Thursday, June 26, 2008

The Gospel of Mark: view from 30,000 feet

When I recently posted word clouds for the gospels, the point was a perspective-check. Is our focus right? Here is what I see when I look at the word cloud of Mark.

1. It's all about Jesus:
"Jesus" occurs more often than any other word: over 200 times. No other word appears even half as often.

2. It's full of people:
Following Jesus, you find "disciples" or the "twelve". There are "crowds" and "children", Peter, James, John. There are also Pharisees and Pilate.

3. It's an action book:
Mark is full of "ask" and "answer", "call" and "follow", standing, sitting, teaching, preaching, teaching, baptizing, hearing, and healing, full of going and giving and believing. And particularly in Mark, these things tend to happen "immediately" after each other.

4. It's full of places:
It's full of the houses where they stayed and the boats in which they fished and traveled. It's full of the synagogues where Jesus taught and the Temple. The only city that makes the word list for Mark is Jerusalem.

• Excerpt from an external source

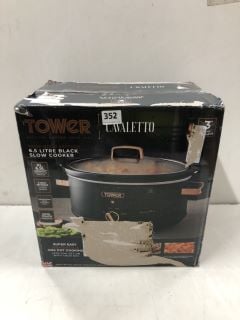 TOWER CAVALETTO 6.5 LITRE BLACK SLOW COOKER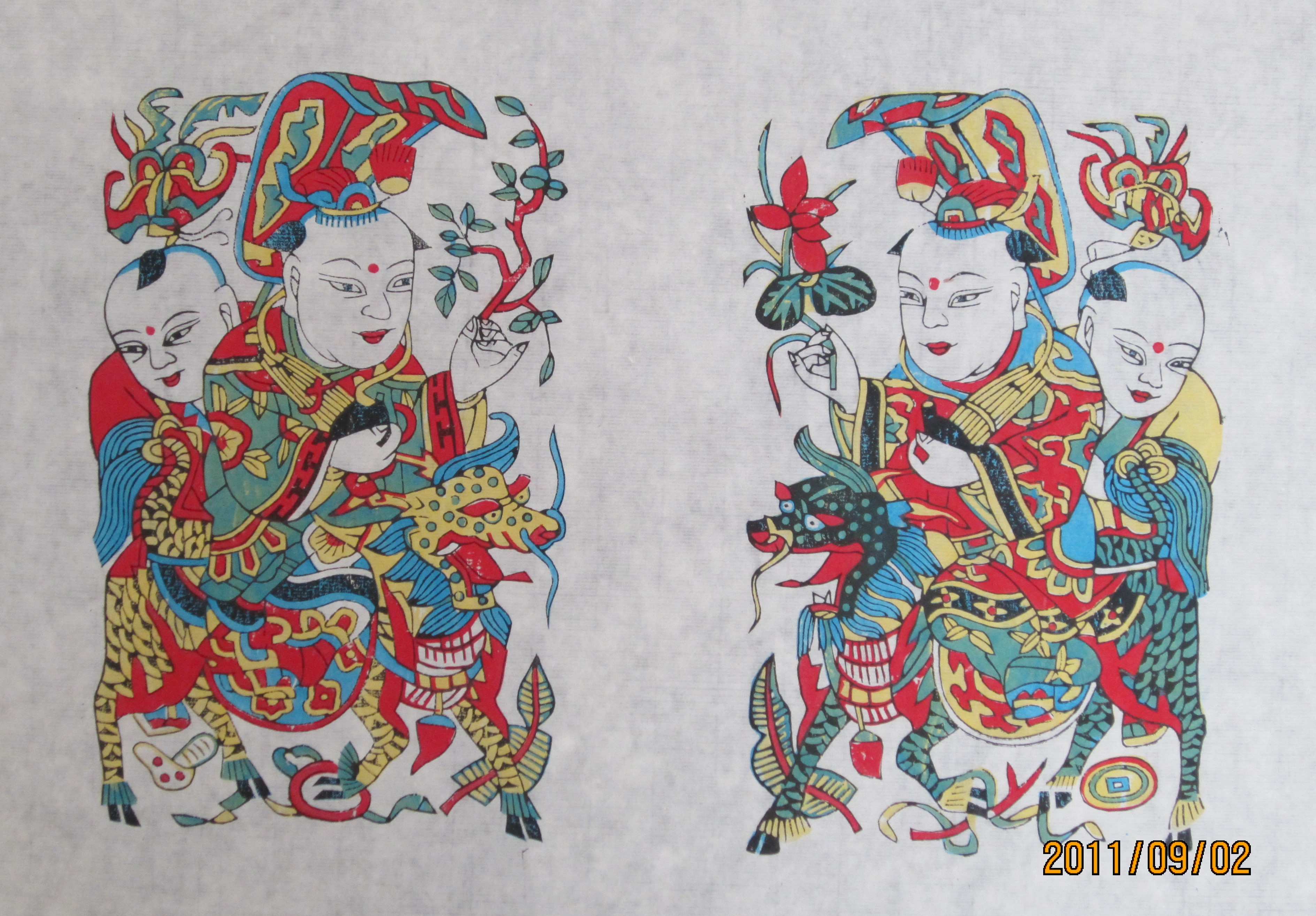 15款生動(dòng)門(mén)神人物年畫(huà)，唯美中國(guó)吉祥人物年畫(huà)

5. It's distinctively Jewish
There is much mention of Abraham, of Pharisees and priests, of Moses and the law, of synagogues and the Temple, of the city of Jerusalem and the sabbath.

6. It's very human
The book is full of humanity: not just the people as we have already seen but the details. "Touch" makes the top 100 word list, along with "hand" and "heart" and "head", along with eating and bread.

That gives its own view of what it means to follow Jesus. It gives an edge to the question: how are we doing on priorities?